____ Supplied material
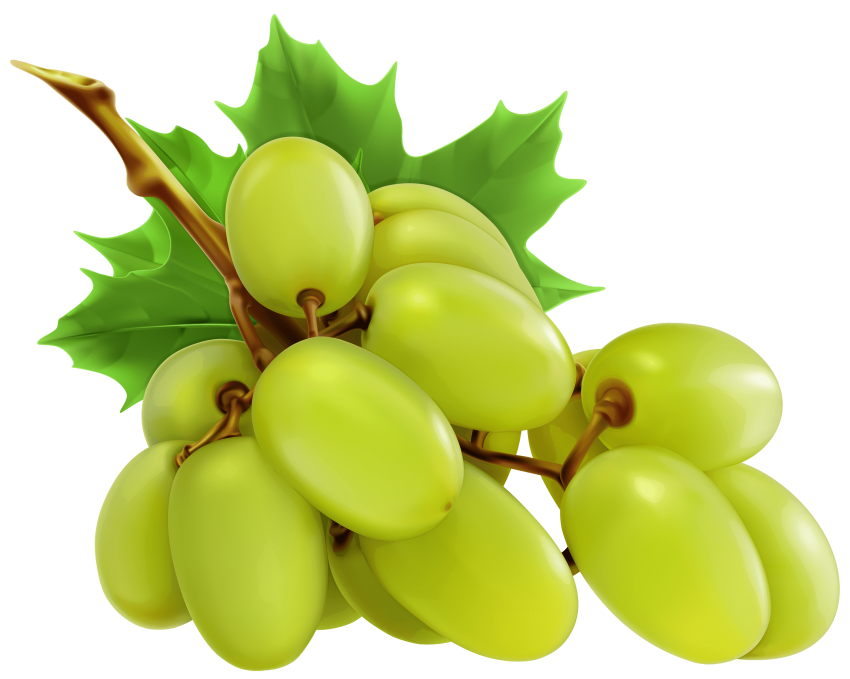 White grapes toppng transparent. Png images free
________
____ Supplied material
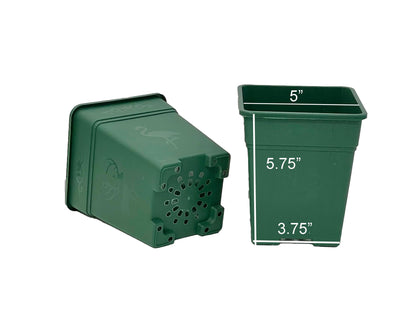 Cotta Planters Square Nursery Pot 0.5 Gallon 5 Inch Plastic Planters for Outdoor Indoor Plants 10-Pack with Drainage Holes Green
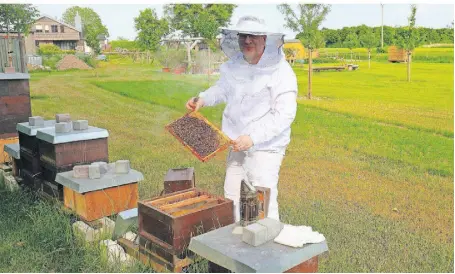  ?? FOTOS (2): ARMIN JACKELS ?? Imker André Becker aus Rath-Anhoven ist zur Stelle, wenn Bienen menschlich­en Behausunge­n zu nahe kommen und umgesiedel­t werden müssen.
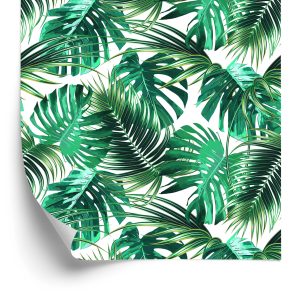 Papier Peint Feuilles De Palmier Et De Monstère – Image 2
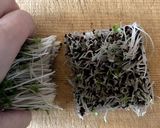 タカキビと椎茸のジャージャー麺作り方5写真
________
____ Supplied material
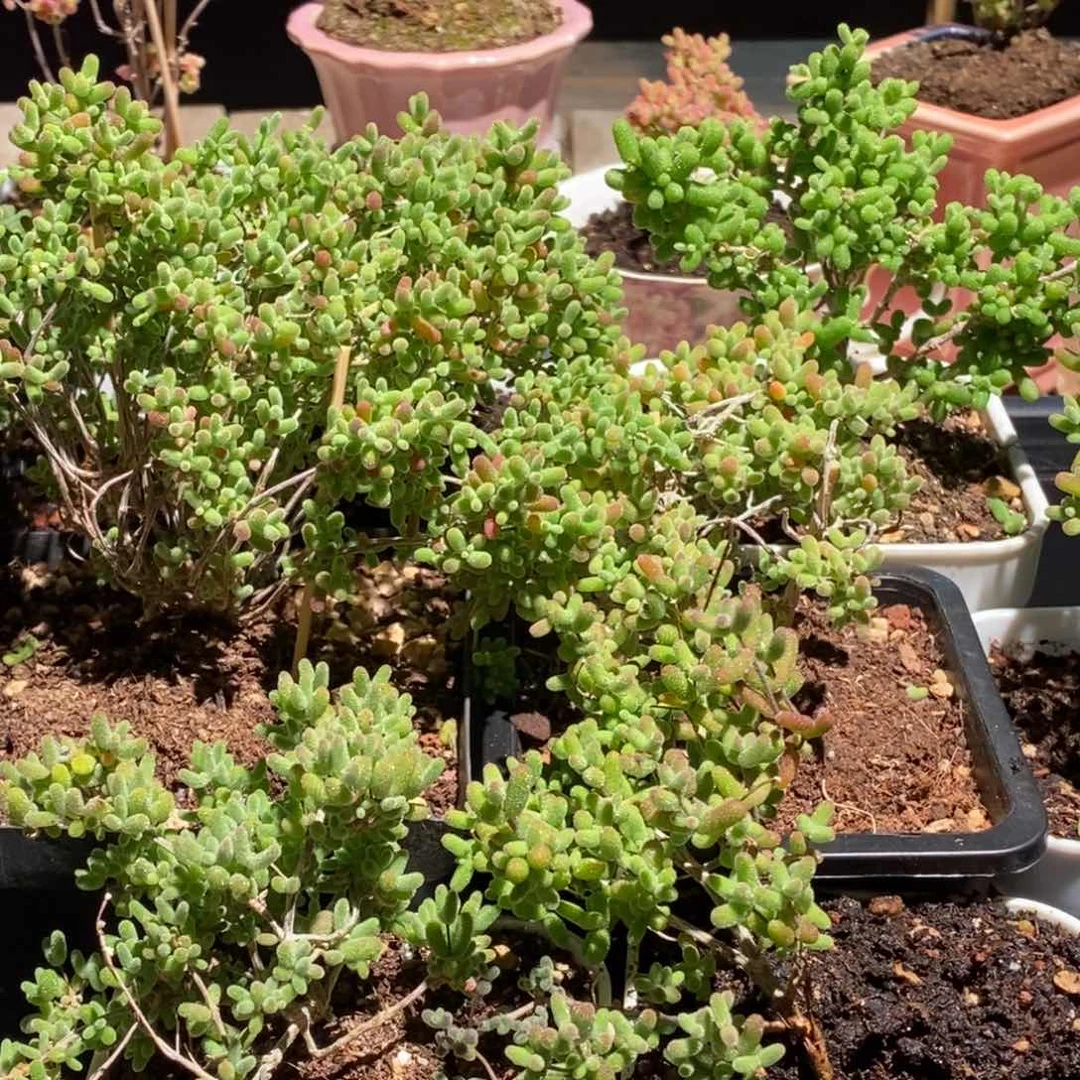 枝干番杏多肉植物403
________
- **Exercise prompt**: Look above for the line containing "umgesiedel­t werden müssen.", then write out every line from there down to the line containing "タカキビと椎茸のジャージャー麺作り方5写真", that line included, with no pictures.

- **Your solution**:
  ?? FOTOS (2): ARMIN JACKELS ?? Imker André Becker aus Rath-Anhoven ist zur Stelle, wenn Bienen menschlich­en Behausunge­n zu nahe kommen und umgesiedel­t werden müssen.
 Papier Peint Feuilles De Palmier Et De Monstère – Image 2
 タカキビと椎茸のジャージャー麺作り方5写真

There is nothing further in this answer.